Aim of the exercise
Please transcribe the data below exactly. Leave the pictures out.

Segment Start: Supplied material

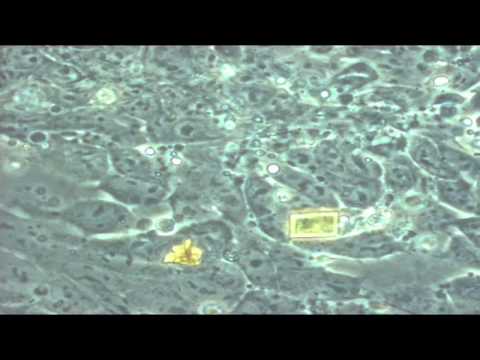 microscopic - Explore an unfamiliar universe in these videos created at the Microscope Imaging Station. This and other explorations from Living Systems on exhibit through ...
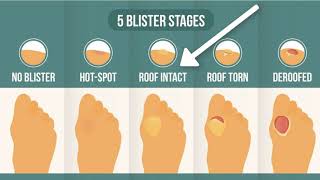 How To Treat A Blister Correctly First Look At Your Blister Roof [upl. by Nitin]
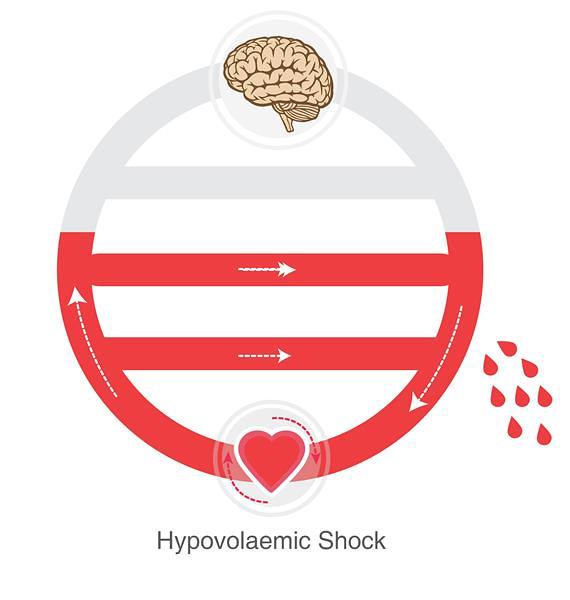 hypo shock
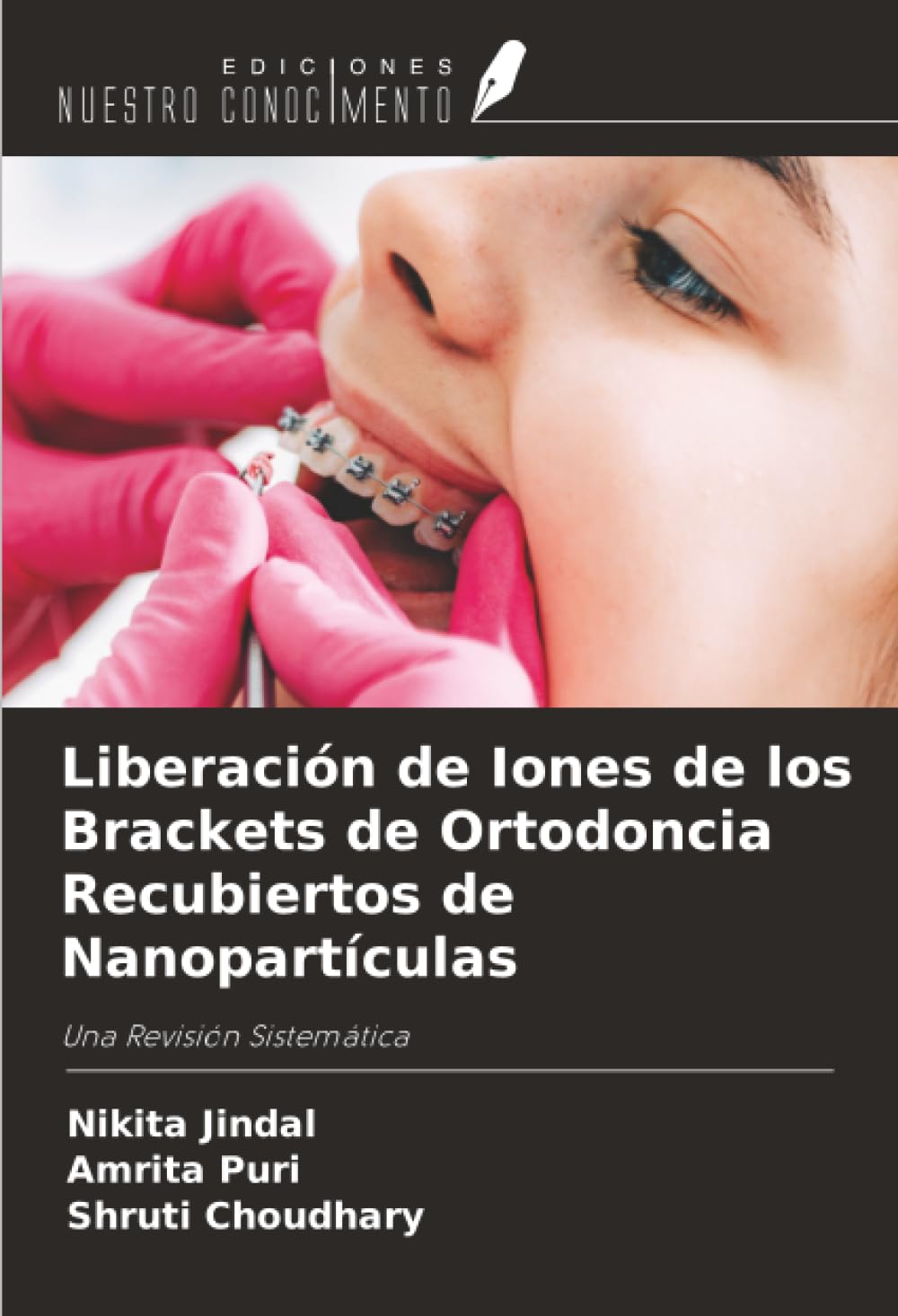 Liberación de Iones de los Brackets de Ortodoncia Recubiertos de Nanopartículas: Una Revisión Sistemática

Segment End: Supplied material

Output
 microscopic - Explore an unfamiliar universe in these videos created at the Microscope Imaging Station. This and other explorations from Living Systems on exhibit through ...
 How To Treat A Blister Correctly First Look At Your Blister Roof [upl. by Nitin]
 hypo shock
 Liberación de Iones de los Brackets de Ortodoncia Recubiertos de Nanopartículas: Una Revisión Sistemática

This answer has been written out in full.